Т. ДЗЯДКО: Программа «Своими глазами» в эфире «Эха Москвы». Наш гость - Это Марк Франкетти, корреспондент Sunday Times в Москве, автор и продюсер документального фильма «Приговоренные», который мы сейчас обсуждаем. Фильм о том, как живут люди, приговоренные за убийства либо к 25 годам, которые заменили для них расстрел, либо к пожизненному сроку. Они отбывают свои наказания в колонии, которая находится в 700 километрах от Екатеринбурга, какая-то совсем глушь.

О. БЫЧКОВА: Это место в тайге? Там вокруг что есть?

М. ФРАНКЕТТИ: Там вокруг сотни километров тайги. (СРЫВАЕТСЯ ГОЛОС).

О. БЫЧКОВА: Пока Марк приводит в порядок голос, я скажу, что этот фильм будет показан в рамках Московского кинофестиваля, дальше он будет еще на каких-то фестивалях показан.

Т. ДЗЯДКО: В пятницу и субботу – на ММКФ, а затем в субботу вечером – в Центре документального кино, не так давно открытом в Москве.

О. БЫЧКОВА: И потом еще через год он будет показан по телевидению.

М. ФРАНКЕТТИ: Потом на телевидении. И через несколько месяцев будет на фестивале в Европе. Если отвечать на ваш вопрос, то да, это в тайге, вокруг сотни километров леса.

О. БЫЧКОВА: Там деться некуда, это фактически необитаемый остров.

М. ФРАНКЕТТИ: Это другая планета.

Т. ДЗЯДКО: Оттуда идет железная дорога?

М. ФРАНКЕТТИ: Самый ближайший поселок – это Ивдель.

О. БЫЧКОВА: Ивдель – это город.

М. ФРАНКЕТТИ: Совсем маленький. Там вокруг 5 колоний. Там главный работодатель – это ФСИН. Один персонаж в фильме – это начальник колонии, который там работает уже 26 лет. Он шутит, что он по договору, а не по приговору. Получается, что он там дольше тех, кто ждал расстрела и которым заменили на 25 лет.

О. БЫЧКОВА: А он там же и живет?

М. ФРАНКЕТТИ: Он там живет.

О. БЫЧКОВА: И семья его там живет?

М. ФРАНКЕТТИ: Да.
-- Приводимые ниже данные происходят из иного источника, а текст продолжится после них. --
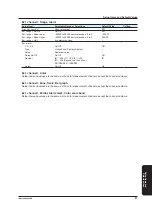 Preview for 89 page of YOKOGAWA DX2004T User Manual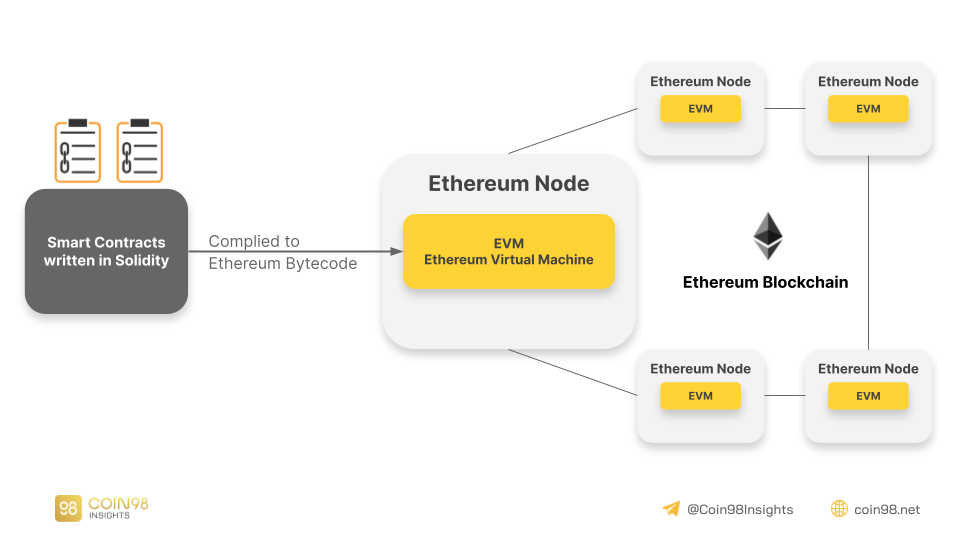 Ethereum Virtual Machine (EVM) | helpbitcoin.fun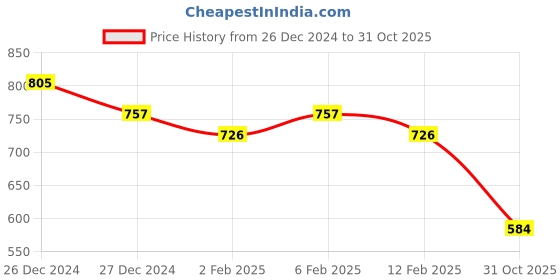 myntra.com Friskers Pack of 2 V-Neck Cotton Fitted Tops friskers Price History Graph from 26 Dec 2024 to 31 Oct 2025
Надо сказать, что те, которые ждали расстрел, а потом им заменили на 25 лет, у них условия другие. Они живут в бараке, они не живут в камере. Поэтому у них условия менее жесткие. Например, у них положено свидание каждые 3 месяца на 3 дня. Те, которые пожизненно, у них очень жесткие условия. Первые 10 лет – это одна посылка в год, только два коротких свидания в год по 4 часа через стекло. Получается, что это очень далеко, очень дорого.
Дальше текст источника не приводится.